Task data –
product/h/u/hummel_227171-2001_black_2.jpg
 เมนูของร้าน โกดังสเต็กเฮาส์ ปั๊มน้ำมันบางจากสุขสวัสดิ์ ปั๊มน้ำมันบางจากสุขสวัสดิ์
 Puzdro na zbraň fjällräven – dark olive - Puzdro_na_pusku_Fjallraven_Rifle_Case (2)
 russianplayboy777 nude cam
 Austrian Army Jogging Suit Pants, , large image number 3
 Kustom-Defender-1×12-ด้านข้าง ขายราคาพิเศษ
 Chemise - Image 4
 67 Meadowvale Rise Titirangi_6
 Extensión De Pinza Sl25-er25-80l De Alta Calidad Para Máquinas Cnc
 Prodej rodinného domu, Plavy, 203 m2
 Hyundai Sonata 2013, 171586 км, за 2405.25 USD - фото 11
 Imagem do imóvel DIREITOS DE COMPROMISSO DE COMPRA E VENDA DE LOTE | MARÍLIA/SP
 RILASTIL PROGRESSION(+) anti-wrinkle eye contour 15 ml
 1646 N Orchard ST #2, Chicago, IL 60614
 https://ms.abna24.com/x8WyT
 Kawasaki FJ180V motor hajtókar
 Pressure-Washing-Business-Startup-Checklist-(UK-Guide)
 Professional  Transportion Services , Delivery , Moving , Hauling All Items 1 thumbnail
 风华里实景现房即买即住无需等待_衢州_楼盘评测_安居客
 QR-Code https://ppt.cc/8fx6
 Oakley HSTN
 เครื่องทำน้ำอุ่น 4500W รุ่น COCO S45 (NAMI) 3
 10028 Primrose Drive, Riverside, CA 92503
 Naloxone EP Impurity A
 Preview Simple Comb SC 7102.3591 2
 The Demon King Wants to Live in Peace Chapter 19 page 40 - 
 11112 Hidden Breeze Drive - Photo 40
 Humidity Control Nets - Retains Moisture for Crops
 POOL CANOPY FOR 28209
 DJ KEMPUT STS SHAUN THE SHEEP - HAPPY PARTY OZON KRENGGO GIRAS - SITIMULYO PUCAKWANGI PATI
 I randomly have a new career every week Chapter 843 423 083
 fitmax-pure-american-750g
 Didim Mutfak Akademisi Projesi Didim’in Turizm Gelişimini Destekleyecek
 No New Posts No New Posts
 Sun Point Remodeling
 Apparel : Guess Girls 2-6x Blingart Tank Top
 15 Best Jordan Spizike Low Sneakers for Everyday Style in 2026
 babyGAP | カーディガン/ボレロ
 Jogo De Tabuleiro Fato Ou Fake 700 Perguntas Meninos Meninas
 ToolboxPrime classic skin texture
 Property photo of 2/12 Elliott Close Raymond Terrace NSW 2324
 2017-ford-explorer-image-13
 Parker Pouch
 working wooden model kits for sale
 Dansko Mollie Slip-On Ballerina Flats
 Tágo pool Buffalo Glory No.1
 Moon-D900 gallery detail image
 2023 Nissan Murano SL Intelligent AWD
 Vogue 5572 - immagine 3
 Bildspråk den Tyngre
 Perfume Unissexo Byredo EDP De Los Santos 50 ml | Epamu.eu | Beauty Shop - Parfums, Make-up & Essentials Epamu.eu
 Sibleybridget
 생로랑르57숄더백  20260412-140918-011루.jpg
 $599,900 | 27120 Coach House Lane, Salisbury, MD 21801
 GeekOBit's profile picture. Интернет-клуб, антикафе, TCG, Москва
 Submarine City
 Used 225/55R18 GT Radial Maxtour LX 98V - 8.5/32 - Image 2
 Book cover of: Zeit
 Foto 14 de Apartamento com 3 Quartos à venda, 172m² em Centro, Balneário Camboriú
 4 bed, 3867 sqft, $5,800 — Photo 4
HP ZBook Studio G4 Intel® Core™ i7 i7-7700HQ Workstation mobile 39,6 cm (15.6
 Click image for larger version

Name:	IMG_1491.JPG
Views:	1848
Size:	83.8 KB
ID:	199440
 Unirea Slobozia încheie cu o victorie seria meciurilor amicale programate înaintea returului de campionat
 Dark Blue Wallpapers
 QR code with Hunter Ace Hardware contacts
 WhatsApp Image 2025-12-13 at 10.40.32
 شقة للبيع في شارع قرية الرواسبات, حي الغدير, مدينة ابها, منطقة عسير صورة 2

Work instructions –
Above are the records; from them, give again exactly the lines from the one containing "Imagem do imóvel" to the one containing "Sun Point Remodeling", both lines included, and nothing more.

Task output –
 Imagem do imóvel DIREITOS DE COMPROMISSO DE COMPRA E VENDA DE LOTE | MARÍLIA/SP
 RILASTIL PROGRESSION(+) anti-wrinkle eye contour 15 ml
 1646 N Orchard ST #2, Chicago, IL 60614
 https://ms.abna24.com/x8WyT
 Kawasaki FJ180V motor hajtókar
 Pressure-Washing-Business-Startup-Checklist-(UK-Guide)
 Professional  Transportion Services , Delivery , Moving , Hauling All Items 1 thumbnail
 风华里实景现房即买即住无需等待_衢州_楼盘评测_安居客
 QR-Code https://ppt.cc/8fx6
 Oakley HSTN
 เครื่องทำน้ำอุ่น 4500W รุ่น COCO S45 (NAMI) 3
 10028 Primrose Drive, Riverside, CA 92503
 Naloxone EP Impurity A
 Preview Simple Comb SC 7102.3591 2
 The Demon King Wants to Live in Peace Chapter 19 page 40 - 
 11112 Hidden Breeze Drive - Photo 40
 Humidity Control Nets - Retains Moisture for Crops
 POOL CANOPY FOR 28209
 DJ KEMPUT STS SHAUN THE SHEEP - HAPPY PARTY OZON KRENGGO GIRAS - SITIMULYO PUCAKWANGI PATI
 I randomly have a new career every week Chapter 843 423 083
 fitmax-pure-american-750g
 Didim Mutfak Akademisi Projesi Didim’in Turizm Gelişimini Destekleyecek
 No New Posts No New Posts
 Sun Point Remodeling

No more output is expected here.